Where the studio version carried polish, this new live cut carries pulse — the immediacy of a moment that feels as though it could collapse if you breathe too heavily. Mugford leans into fragility, allowing his voice and guitar to stand unguarded, exposing both the cracks and the warmth that make love stories human.
Guided by the melodic ease of Jason Mraz, the timeless lyricism of Paul McCartney, and the earthy tenderness of Willie Nelson, Mugford doesn’t perform love as a grandiose spectacle. Instead, he offers it as a lived-in truth — imperfect, fleeting, but deeply resonant. The result is a track that feels destined for late-night playlists and romantic soundtracks, its acoustic lilt carrying more intimacy than ornamentation ever could.

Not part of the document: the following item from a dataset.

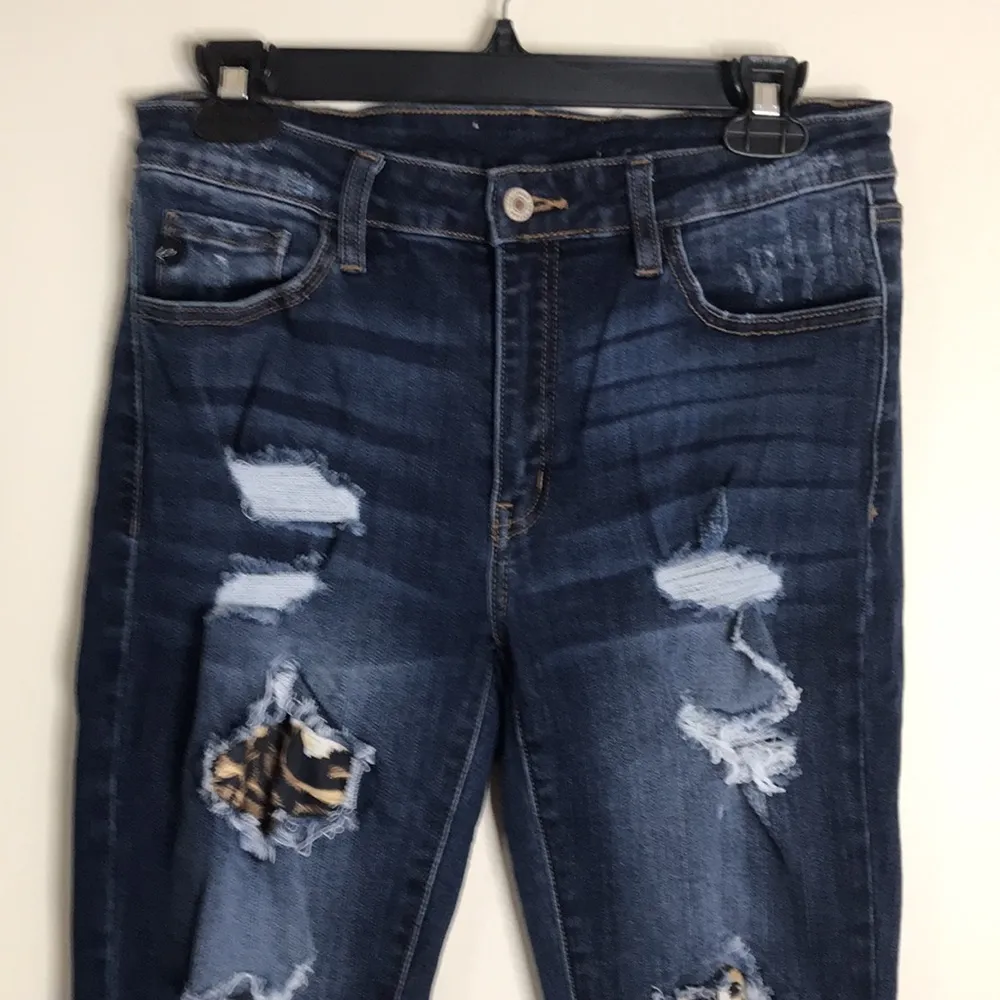 KanCan ladies distressed dark wash denim jeans with leopard patches on areas 29 - Image 2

This is just the first glimpse of what Mugford is shaping for his forthcoming live EP. Upcoming singles like Wild Things (an ode to his children) and Runnin’ (a meditation on aging with his wife, written in a lightning seven minutes) promise to expand the emotional palette. With each release, Mugford proves that vulnerability doesn’t weaken a song — it strengthens it, grounding it in the kind of truth that lingers.
As he steps further into this stripped-back territory, Mugford cements himself as a songwriter who thrives in the unvarnished. Easy To Love (Live) doesn’t just capture a performance — it captures the kind of fleeting, imperfect magic that reminds us why we return to music in the first place.
Verdict: Intimate, unguarded, and quietly powerful — Stephen Mugford turns simplicity into transcendence.